# Tutorial 2: Function Registry and Decorators

Learn how to register reusable functions for both Spark and Pandas engines using the ODIBI function framework.

**Learning Objectives:**
- Use `@odibi_function` decorator for function registration
- Create engine-specific variants (Spark vs Pandas)
- Resolve functions from the global registry
- Understand the function resolution order
- Use shorthand decorators (`@spark_function`, `@pandas_function`, `@universal_function`)

**Prerequisites:**
- odibi_de_v2 installed
- pandas installed (Spark optional for full examples)

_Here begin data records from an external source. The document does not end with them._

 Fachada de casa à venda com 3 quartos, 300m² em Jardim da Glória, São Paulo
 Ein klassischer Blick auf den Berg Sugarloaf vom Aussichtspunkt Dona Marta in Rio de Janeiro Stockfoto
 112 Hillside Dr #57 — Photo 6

## Part 1: Basic Function Registration

In [None]:
from odibi_de_v2.odibi_functions import odibi_function, REGISTRY
import pandas as pd

# Register a universal function (works with any engine)
@odibi_function(
    engine="any",
    module="cleaning",
    description="Remove duplicate rows from DataFrame",
    version="1.0"
)
def remove_duplicates(df):
    """Remove duplicate rows - works for both Spark and Pandas."""
    return df.drop_duplicates()

print("✓ Registered 'remove_duplicates' function")

# Verify registration
all_functions = REGISTRY.get_all()
print(f"\nRegistered functions: {all_functions}")

In [None]:
# Resolve and use the function
fn = REGISTRY.resolve(
    module="cleaning",
    func="remove_duplicates",
    engine="pandas"
)

# Test with sample data
test_df = pd.DataFrame({
    'id': [1, 2, 2, 3, 4, 4],
    'value': ['a', 'b', 'b', 'c', 'd', 'd']
})

print("Original DataFrame:")
print(test_df)

result = fn(test_df)
print("\nAfter remove_duplicates:")
print(result)
print(f"\nRows: {len(test_df)} → {len(result)}")

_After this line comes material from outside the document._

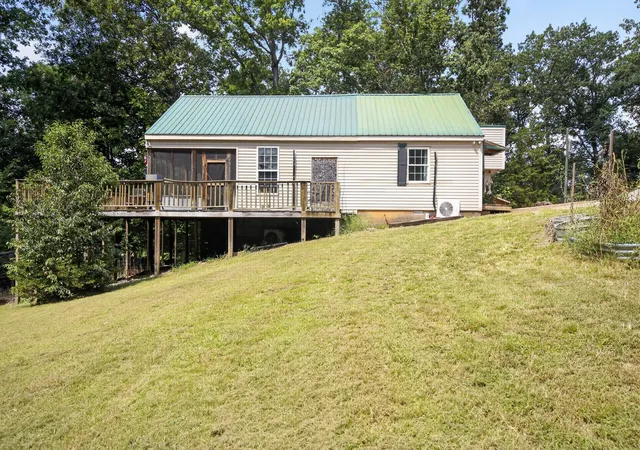 Photo 3 of Single family home for sale at 187 Sweetbrier Dr, Decaturville, TN 38329 | MLS# 3531389 | Listing updated on 2026-09-23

## Part 2: Engine-Specific Implementations

Create different implementations for Spark and Pandas.

In [None]:
# Pandas-specific implementation
@odibi_function(
    engine="pandas",
    module="aggregation",
    description="Calculate daily statistics using Pandas"
)
def calculate_daily_stats_pandas(df):
    """Aggregate data by date using pandas groupby."""
    return df.groupby('date').agg({
        'value': ['count', 'sum', 'mean'],
        'id': 'nunique'
    }).reset_index()

# Spark-specific implementation (same logical operation)
@odibi_function(
    engine="spark",
    module="aggregation",
    description="Calculate daily statistics using Spark SQL"
)
def calculate_daily_stats_spark(df):
    """Aggregate data by date using Spark SQL functions."""
    from pyspark.sql import functions as F
    
    return df.groupBy('date').agg(
        F.count('value').alias('value_count'),
        F.sum('value').alias('value_sum'),
        F.mean('value').alias('value_mean'),
        F.countDistinct('id').alias('id_nunique')
    )

print("✓ Registered engine-specific implementations")
print("  - calculate_daily_stats_pandas (engine='pandas')")
print("  - calculate_daily_stats_spark (engine='spark')")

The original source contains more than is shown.